--- Collected material Enclosed Below ---
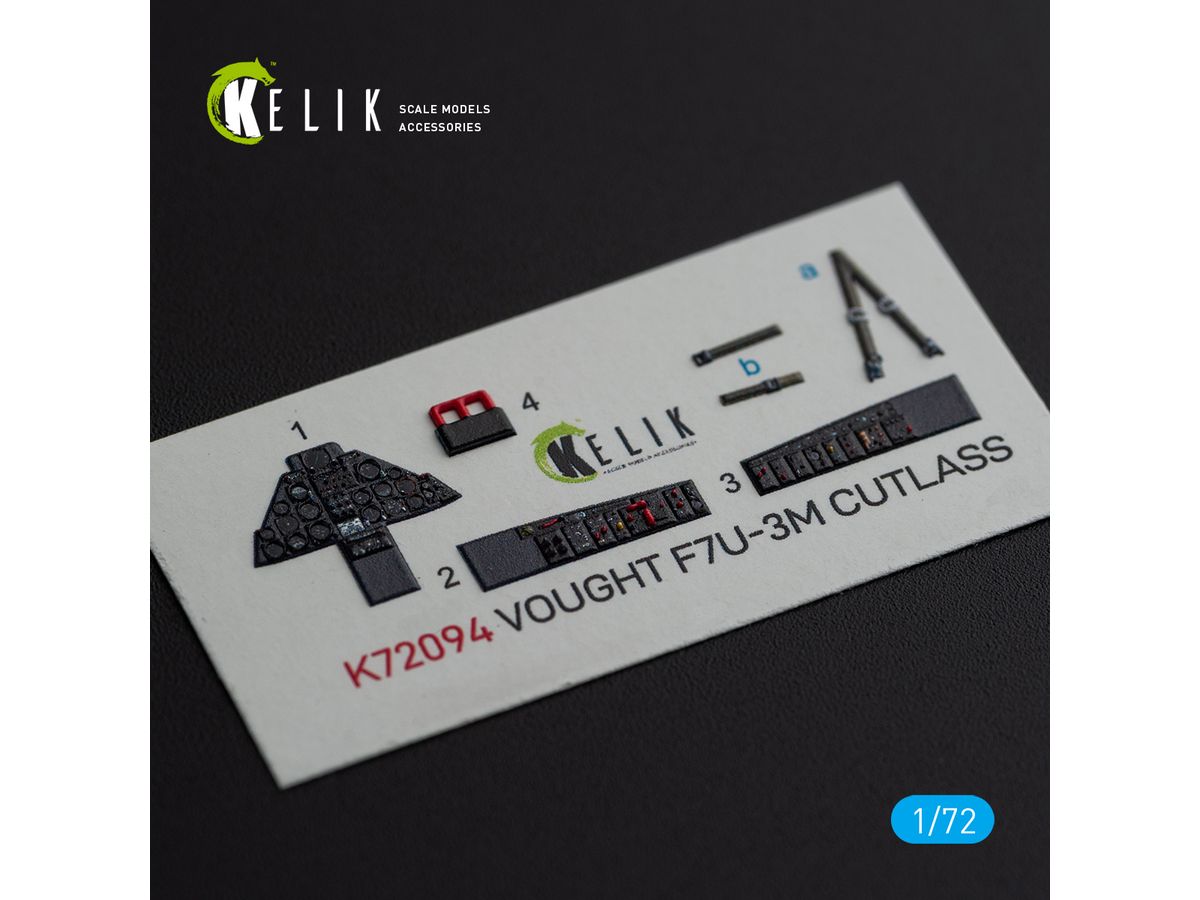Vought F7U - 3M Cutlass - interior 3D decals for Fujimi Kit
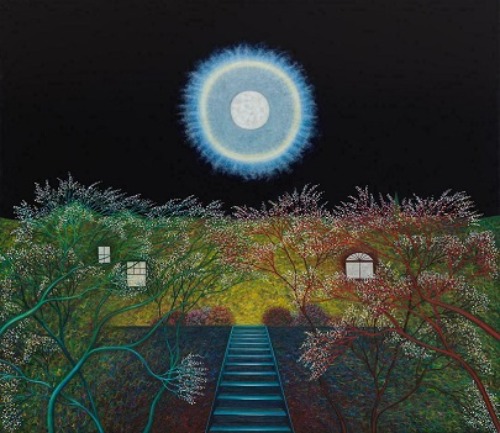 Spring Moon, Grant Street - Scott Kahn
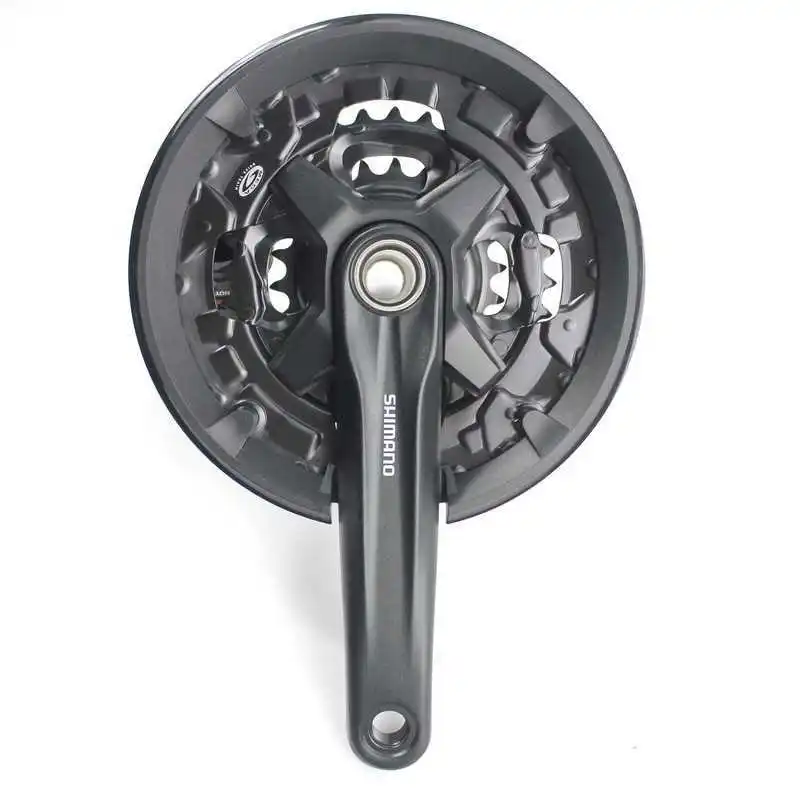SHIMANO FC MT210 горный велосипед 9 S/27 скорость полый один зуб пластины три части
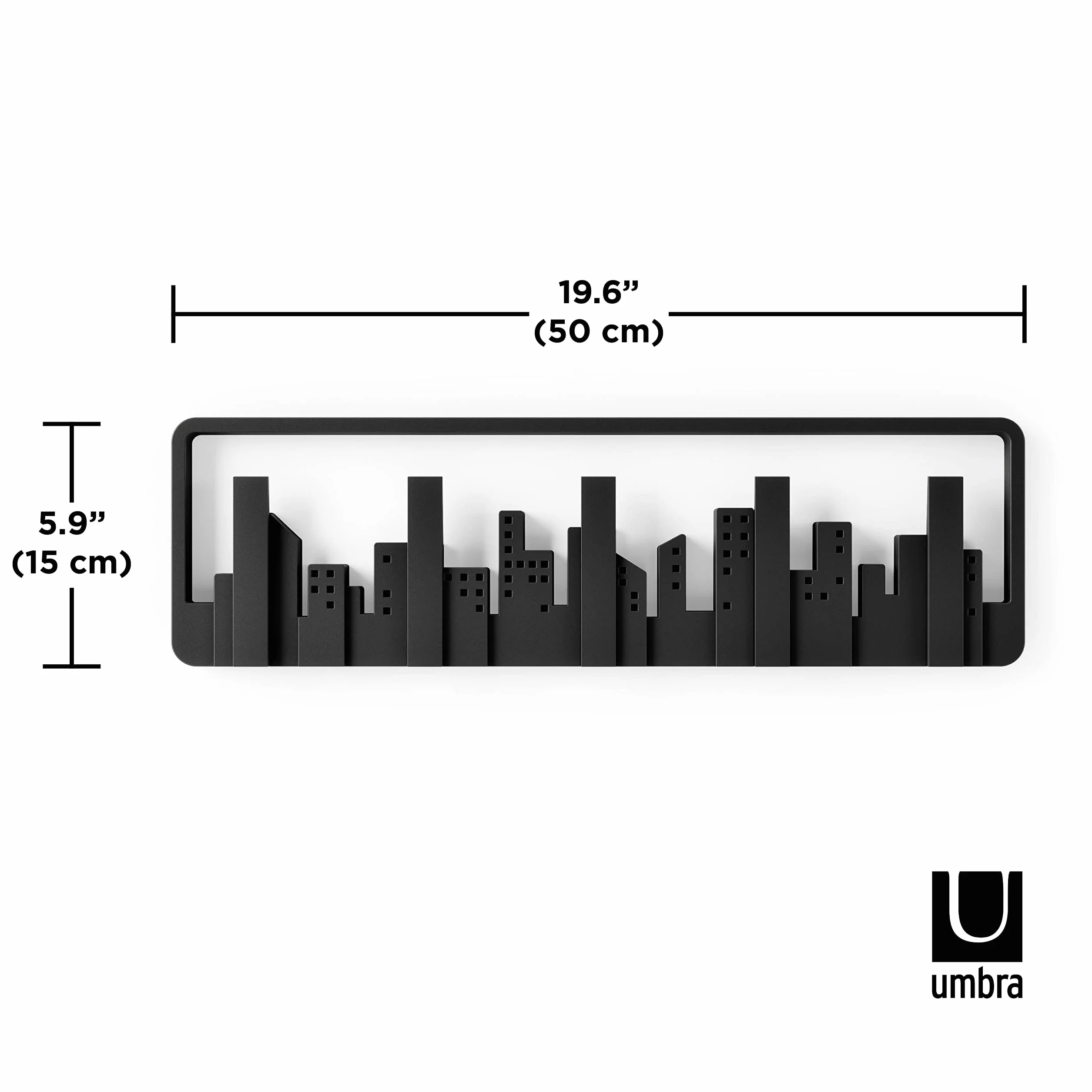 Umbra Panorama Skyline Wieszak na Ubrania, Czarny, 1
--- End of Enclosed Collected material ---
■ Task objective ■
Set down the whole listing word for word, omitting the pictures.

■ Solution ■
Vought F7U - 3M Cutlass - interior 3D decals for Fujimi Kit
 Spring Moon, Grant Street - Scott Kahn
SHIMANO FC MT210 горный велосипед 9 S/27 скорость полый один зуб пластины три части
 Umbra Panorama Skyline Wieszak na Ubrania, Czarny, 1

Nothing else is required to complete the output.